══ RECORDED DATA
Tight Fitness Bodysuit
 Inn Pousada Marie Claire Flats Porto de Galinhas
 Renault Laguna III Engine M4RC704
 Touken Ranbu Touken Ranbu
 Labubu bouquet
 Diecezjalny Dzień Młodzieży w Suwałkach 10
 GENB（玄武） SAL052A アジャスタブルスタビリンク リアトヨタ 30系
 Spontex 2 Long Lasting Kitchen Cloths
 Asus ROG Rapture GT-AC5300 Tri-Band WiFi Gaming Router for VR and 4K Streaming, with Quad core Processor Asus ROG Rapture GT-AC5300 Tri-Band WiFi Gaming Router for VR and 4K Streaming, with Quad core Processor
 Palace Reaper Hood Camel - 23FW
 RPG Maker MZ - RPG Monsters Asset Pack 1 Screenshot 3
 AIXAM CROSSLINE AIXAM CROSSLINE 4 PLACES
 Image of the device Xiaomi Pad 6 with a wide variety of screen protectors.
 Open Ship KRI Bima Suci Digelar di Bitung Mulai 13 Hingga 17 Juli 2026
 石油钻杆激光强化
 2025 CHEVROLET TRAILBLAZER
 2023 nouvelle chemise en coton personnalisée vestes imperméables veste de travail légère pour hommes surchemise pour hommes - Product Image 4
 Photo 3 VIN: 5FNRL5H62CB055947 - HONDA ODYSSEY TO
════
WHAT THE TASK ASKS: Scan the entries above for the string "Image" and copy each line that contains it.

YOUR SOLUTION:
 Image of the device Xiaomi Pad 6 with a wide variety of screen protectors.
 2023 nouvelle chemise en coton personnalisée vestes imperméables veste de travail légère pour hommes surchemise pour hommes - Product Image 4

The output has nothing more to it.